In the records below, begin at the line containing "810 Rainbow Ridge Lane, Saanich" and end at the line containing "Black Glitter Playboy Jewellery Box image 2"; quote every line in that span exactly, including both boundary lines, and no others.

(Brief descriptive captions)
..........

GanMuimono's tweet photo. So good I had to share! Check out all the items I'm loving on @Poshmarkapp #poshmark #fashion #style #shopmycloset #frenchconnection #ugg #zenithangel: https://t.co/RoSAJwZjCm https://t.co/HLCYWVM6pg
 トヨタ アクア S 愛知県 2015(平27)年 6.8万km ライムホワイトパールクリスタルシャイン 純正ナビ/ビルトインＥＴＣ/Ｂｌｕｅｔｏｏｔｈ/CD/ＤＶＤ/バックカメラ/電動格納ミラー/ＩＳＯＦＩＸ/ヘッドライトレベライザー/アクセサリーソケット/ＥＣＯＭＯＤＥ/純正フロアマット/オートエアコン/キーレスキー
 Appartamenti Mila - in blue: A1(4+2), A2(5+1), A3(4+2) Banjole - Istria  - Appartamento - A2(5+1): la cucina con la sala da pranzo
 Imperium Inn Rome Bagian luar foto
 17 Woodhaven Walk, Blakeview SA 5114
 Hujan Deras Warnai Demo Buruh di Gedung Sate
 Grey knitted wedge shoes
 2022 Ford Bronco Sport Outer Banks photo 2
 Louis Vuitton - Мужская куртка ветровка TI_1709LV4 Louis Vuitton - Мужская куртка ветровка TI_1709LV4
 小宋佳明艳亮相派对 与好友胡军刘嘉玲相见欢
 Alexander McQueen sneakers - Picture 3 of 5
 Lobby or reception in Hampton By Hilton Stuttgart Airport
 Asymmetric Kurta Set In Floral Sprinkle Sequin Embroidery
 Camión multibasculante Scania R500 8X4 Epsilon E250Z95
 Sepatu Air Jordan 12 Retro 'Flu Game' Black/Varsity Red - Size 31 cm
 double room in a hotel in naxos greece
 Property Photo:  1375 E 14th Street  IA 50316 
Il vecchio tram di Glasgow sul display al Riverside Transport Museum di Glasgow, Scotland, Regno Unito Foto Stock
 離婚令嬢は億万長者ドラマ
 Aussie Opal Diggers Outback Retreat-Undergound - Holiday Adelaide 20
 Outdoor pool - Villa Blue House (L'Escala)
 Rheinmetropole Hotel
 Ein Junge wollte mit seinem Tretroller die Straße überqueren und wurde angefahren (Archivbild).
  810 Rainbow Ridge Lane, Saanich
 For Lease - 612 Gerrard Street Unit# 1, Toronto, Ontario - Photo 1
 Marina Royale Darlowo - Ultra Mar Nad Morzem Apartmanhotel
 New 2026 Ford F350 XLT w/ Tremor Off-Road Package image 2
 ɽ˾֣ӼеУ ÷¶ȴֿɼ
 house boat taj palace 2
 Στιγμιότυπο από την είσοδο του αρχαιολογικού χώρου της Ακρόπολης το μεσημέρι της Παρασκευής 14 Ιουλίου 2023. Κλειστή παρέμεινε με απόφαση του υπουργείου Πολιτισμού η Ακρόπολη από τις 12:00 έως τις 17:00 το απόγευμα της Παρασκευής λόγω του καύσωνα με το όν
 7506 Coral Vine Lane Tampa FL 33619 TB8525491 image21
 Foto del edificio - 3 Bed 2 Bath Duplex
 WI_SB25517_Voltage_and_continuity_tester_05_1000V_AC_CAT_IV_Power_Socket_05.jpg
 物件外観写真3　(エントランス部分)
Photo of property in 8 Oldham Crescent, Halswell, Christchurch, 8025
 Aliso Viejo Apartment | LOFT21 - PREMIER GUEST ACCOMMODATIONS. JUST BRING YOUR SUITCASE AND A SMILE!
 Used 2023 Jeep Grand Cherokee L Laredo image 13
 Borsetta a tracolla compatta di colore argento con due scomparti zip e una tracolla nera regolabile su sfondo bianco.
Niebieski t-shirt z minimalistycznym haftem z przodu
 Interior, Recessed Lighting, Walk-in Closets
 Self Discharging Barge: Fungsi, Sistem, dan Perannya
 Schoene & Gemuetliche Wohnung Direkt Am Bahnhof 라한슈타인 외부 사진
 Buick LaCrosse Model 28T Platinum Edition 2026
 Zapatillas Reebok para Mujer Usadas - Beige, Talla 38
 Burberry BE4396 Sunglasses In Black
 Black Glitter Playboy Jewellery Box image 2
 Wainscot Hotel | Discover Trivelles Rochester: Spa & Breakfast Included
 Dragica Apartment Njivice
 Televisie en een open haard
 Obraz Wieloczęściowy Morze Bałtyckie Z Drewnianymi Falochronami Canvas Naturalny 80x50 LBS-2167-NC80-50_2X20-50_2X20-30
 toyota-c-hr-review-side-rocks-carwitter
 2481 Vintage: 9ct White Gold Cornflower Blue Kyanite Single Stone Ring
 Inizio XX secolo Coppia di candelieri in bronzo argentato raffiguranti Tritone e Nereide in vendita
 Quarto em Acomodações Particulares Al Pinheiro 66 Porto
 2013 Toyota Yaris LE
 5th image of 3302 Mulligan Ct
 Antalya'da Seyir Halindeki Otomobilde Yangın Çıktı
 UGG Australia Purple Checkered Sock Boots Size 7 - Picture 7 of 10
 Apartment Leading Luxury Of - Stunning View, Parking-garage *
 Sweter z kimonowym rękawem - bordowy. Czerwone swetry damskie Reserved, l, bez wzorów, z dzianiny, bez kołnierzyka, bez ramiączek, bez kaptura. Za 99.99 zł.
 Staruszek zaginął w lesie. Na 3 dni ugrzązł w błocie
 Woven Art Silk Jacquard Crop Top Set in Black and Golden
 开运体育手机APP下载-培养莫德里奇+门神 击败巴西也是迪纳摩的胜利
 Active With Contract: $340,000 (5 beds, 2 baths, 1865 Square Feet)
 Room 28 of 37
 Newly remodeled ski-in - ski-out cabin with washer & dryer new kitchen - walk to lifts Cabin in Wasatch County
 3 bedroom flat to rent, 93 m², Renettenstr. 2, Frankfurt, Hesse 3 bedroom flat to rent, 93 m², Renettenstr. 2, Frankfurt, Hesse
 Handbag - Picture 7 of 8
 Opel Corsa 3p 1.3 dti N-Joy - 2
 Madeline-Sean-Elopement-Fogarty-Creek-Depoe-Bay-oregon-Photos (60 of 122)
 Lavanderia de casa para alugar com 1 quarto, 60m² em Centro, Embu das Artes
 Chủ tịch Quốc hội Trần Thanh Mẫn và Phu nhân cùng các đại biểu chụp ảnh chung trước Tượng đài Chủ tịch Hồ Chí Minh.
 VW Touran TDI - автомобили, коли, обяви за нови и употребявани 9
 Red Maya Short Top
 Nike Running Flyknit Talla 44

..........

◆ **Response to the task**
  810 Rainbow Ridge Lane, Saanich
 For Lease - 612 Gerrard Street Unit# 1, Toronto, Ontario - Photo 1
 Marina Royale Darlowo - Ultra Mar Nad Morzem Apartmanhotel
 New 2026 Ford F350 XLT w/ Tremor Off-Road Package image 2
 ɽ˾֣ӼеУ ÷¶ȴֿɼ
 house boat taj palace 2
 Στιγμιότυπο από την είσοδο του αρχαιολογικού χώρου της Ακρόπολης το μεσημέρι της Παρασκευής 14 Ιουλίου 2023. Κλειστή παρέμεινε με απόφαση του υπουργείου Πολιτισμού η Ακρόπολη από τις 12:00 έως τις 17:00 το απόγευμα της Παρασκευής λόγω του καύσωνα με το όν
 7506 Coral Vine Lane Tampa FL 33619 TB8525491 image21
 Foto del edificio - 3 Bed 2 Bath Duplex
 WI_SB25517_Voltage_and_continuity_tester_05_1000V_AC_CAT_IV_Power_Socket_05.jpg
 物件外観写真3　(エントランス部分)
Photo of property in 8 Oldham Crescent, Halswell, Christchurch, 8025
 Aliso Viejo Apartment | LOFT21 - PREMIER GUEST ACCOMMODATIONS. JUST BRING YOUR SUITCASE AND A SMILE!
 Used 2023 Jeep Grand Cherokee L Laredo image 13
 Borsetta a tracolla compatta di colore argento con due scomparti zip e una tracolla nera regolabile su sfondo bianco.
Niebieski t-shirt z minimalistycznym haftem z przodu
 Interior, Recessed Lighting, Walk-in Closets
 Self Discharging Barge: Fungsi, Sistem, dan Perannya
 Schoene & Gemuetliche Wohnung Direkt Am Bahnhof 라한슈타인 외부 사진
 Buick LaCrosse Model 28T Platinum Edition 2026
 Zapatillas Reebok para Mujer Usadas - Beige, Talla 38
 Burberry BE4396 Sunglasses In Black
 Black Glitter Playboy Jewellery Box image 2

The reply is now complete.